Прямая литературная ассоциация — «Той ночью они больше не читали» — использована здесь в ненавязчивой и элегантной манере. Не будем заниматься дешифровкой ассоциаций косвенных — навеваемых французским флагом. Они не менее блестящи, но растолкованию не подлежат, ибо никакой лирический умысел не подлежит раскрытию до конца.
Даже прославившийся больше других откровенными описаниями Валерий Холоденко старался придать своим эротическим вещам смысл по возможности туманно мистический. Самая нашумевшая из его повестей этого рода называлась не больше не меньше как «Законы молитв». Да и повествование этот автор старался снабдить орнаментом попричудливей: находил, скажем, «похожим на соитие бабочек» простой абажур. Впрочем, как раз Холоденко сейчас, увы, предан забвению.
Не говорю я тут о другом отчаянном аматере амурных дел, Владимире Марамзине, только потому, что, показав себя настоящим кудесником в изображении рискованных сцен, автор «Истории женитьбы Ивана Петровича» ставил перед собой задачи в первую очередь сугубо литературные: создание торжествующего над правилами академической грамматики художественного синтаксиса, соответствующего уровню мышления обыденной личности, каковой писатель и передавал функцию рассказчика. В двух словах: Андрей Платонов восторжествовал в этой писательской душе над Гюи де Мопассаном.
Персонажем «маленький человек» питерской прозы шестидесятых был в известной степени умышленным, как, впрочем, умышлен, по выражению Достоевского, и породивший его когда-то город. И следовательно, герой этот прежде всего открыт культуре, обеспокоен, а не утихомирен ею. Он обладает текучим, незавершенным в своей преизбыточности сознанием, «в самой нерешенности и нерешаемости которого кроется его последняя глубина», как считает известный исследователь «петербургского текста» В. Н. Топоров. Все здесь стремится обернуться своей противоположностью и вне этой противоположности лишается смысла, прямее говоря — жизни.

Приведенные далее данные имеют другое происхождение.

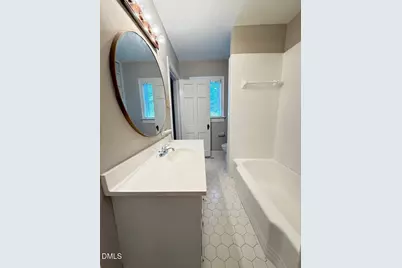 2667 Davis Street, Raleigh, NC 27608 - Photo 30
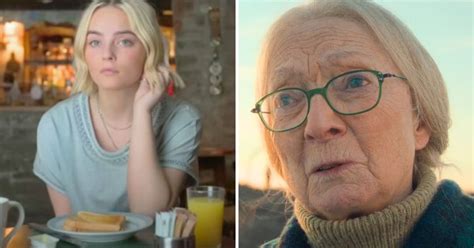 Image result for Ruby Episode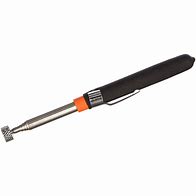 Магнит телескопический 165-635 мм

Если автор этого сборника начинает повествование с уверения во врожденном «благоговейном отношении к дружбе», следует сразу насторожиться: скорее всего, темой произведения станет переживание коренной ущербности этого чувства, мысль о гибельной невозможности преодолеть границы собственного «я».

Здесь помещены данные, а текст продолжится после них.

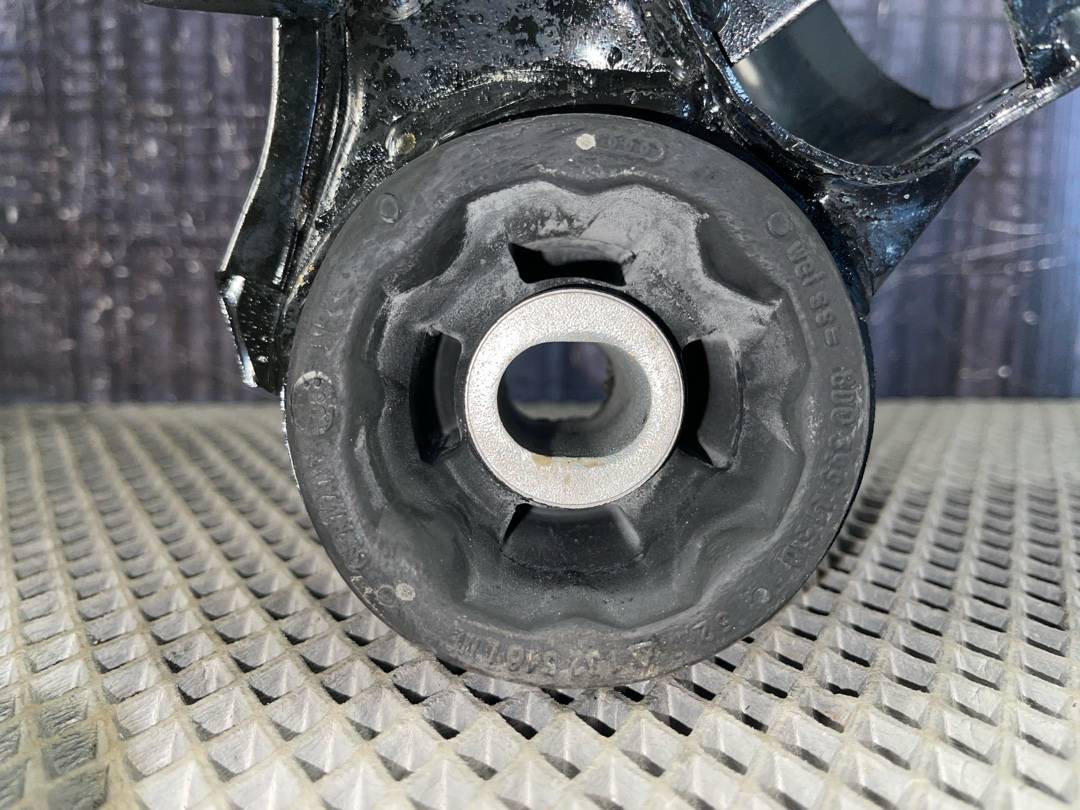 Подрамник, 7956 рублей, Красноярск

Человек в Петербурге — собеседник непостижимого. Закончить жизнь — это значит прервать с ним диалог. Самым поразительным и кардинальным образом эта диалектика усвоена в Ленинграде шестидесятых Генрихом Шефом. Буквально с младых ногтей его персонажи погружаются в бесконечный диспут с неопознанными в себе самих субъектами. Кошмарнейший из вариантов представлен его «Диалогом». В нем чуть ли не с пятилетнего возраста жизнь героя обогащается и разъедается сплошной рефлексией: «Как же так? — думал я. — Чтоб стать врагом, надо посметь ? А если мы не враги, то мы ничего не смеем? Смеет только враг?» И наоборот: «Он мне сказал: как ты посмел? Значит, я не смел сметь, а смеет только он, невраг, а я, став врагом, ничего не смею? Враг вообще ничего не смеет, потому-то он нам и враг, а смеем одни только мы?»